Skipping levels produces frustrated drilling and brittle technique. A student at level 1 who jumps to level 4 will not hit the technique in live rolls — they haven’t pattern-locked it yet.
Common drilling failures
Cooperative drilling that’s too cooperative
The partner moves themselves into position for the technique. The drilling student never has to solve the entry problem. Fix: the partner provides the specified starting position and no more — the drilling student does the work.
Specific resistance that’s too general
The partner defends “everything.” The drilling student cannot finish anything. Fix: specify one defence, explicitly, at the start of each set.
Live rolling treated as drilling
”I’ll drill this in my next roll.” Live rolling rarely produces enough reps of a specific technique to build pattern-lock. Drilling must be drilling time, separate from rolling time.
Drilling in comfort zones
Only drilling techniques you already do well. Drilling time must be disproportionately weighted toward weak areas, not strong ones.
Reps without intention
Mechanical repetition with the brain off. Each rep should have a focus — the specific detail you are trying to improve. 10 focused reps beat 50 mindless ones.
Overlong rounds
Round lengths beyond 3–4 minutes for drilling produces fatigue-degraded mechanics. Shorter, higher-quality rounds with rest between are more productive.
Pattern-lock vs fluency
Two stages of technique development to distinguish:
- Pattern-lock. The mechanics execute reliably when the situation is clear. You know when to attempt the technique; you can execute it. Achieved through cooperative and specific-resistance drilling.
- Fluency. The technique integrates into your live game. You attempt it without conscious decision. You read openings you previously missed. Achieved through live positional sparring and general rolling.
Pattern-lock is a drilling phase outcome. Fluency is a live-training phase outcome. The sequence is: pattern-lock first, then fluency. Fluency cannot be drilled directly — it emerges from enough live exposure once pattern-lock is in place.

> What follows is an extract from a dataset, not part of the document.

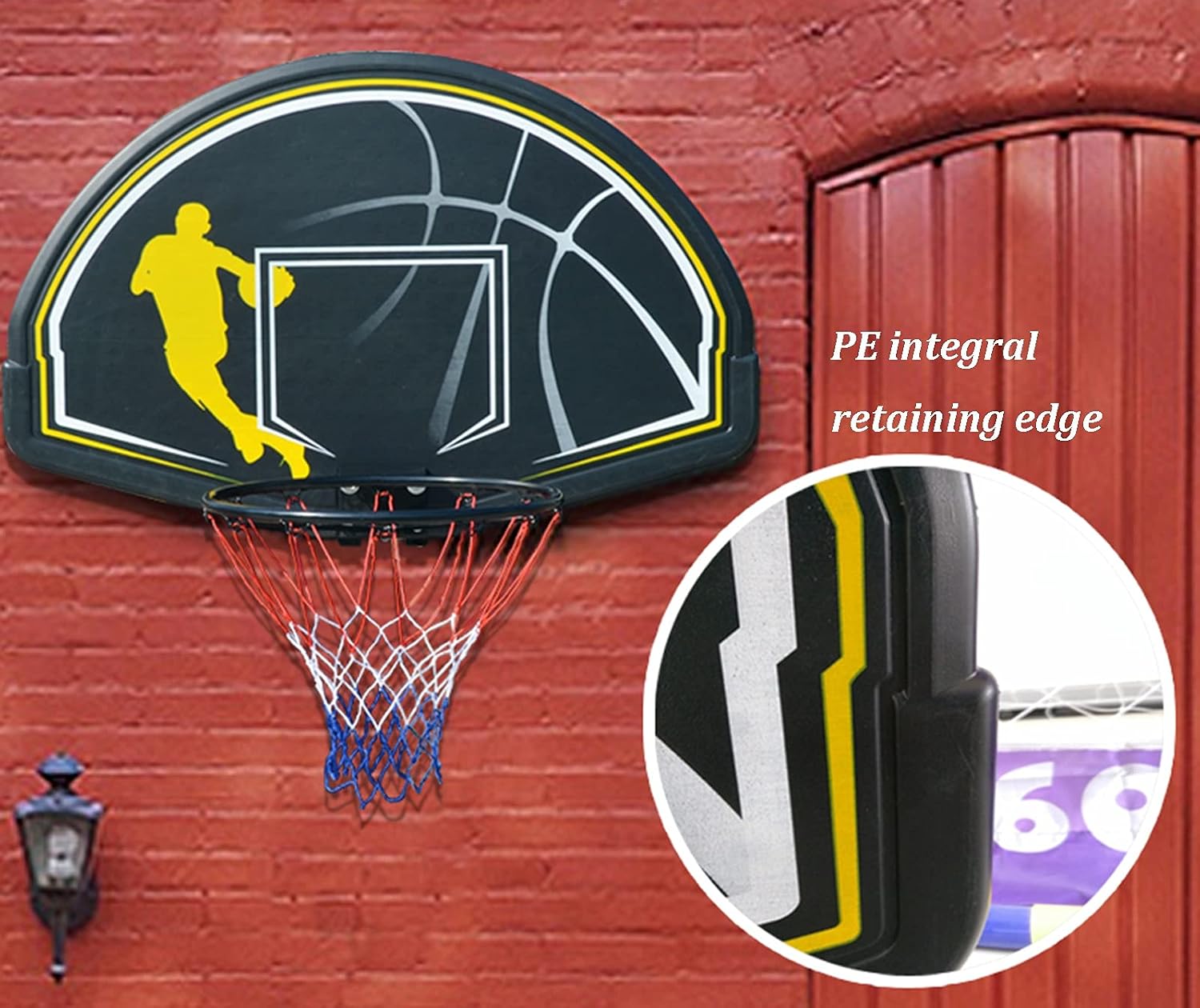 Basketball Rim 原文 Wall-Mounted Mini Basketball Hoop. Indoor and Outdoor Basketball Hoops for Adults and Children, Solid Iron Ring, Save Space 112x72cm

Drilling new material vs old material
A training session’s drilling time should include both new and old material. The split is typically:
- 50–60% new material — cooperative and specific-resistance drilling of the current stage’s content.
- 20–30% recent-but-not-pattern-locked material — second pass on content from previous weeks.
- 10–20% old material warm-up — light reps of foundational techniques you already know, keeping them sharp.
All-new drilling produces shaky mechanics. All-old drilling produces no progress. The mix is the point.
Self-directed drilling
Not every student has access to a coach-led drilling programme. Self-directed drilling can work — but it requires two things:
- A drilling partner. Most drilling requires a person, not a grappling dummy. Find someone of comparable level and reliability.
- A curriculum. Without a sequence to drill, self-directed drilling drifts toward comfortable material. The foundations curriculum, developing curriculum, and 12-week programme provide that structure.
Before a session: pick 2–3 techniques from the current stage. Pick the drilling phase (cooperative, specific resistance, or live positional). Pick the duration. After: note what worked and what didn’t. Adjust next session.
Drilling is the craft skill of grappling. A student who drills well progresses faster than one who rolls more but drills less. A coach who structures drilling well produces students who have better mechanics than coaches who only coach from sparring observation. If there is a single “multiplier” skill in grappling development, it’s this.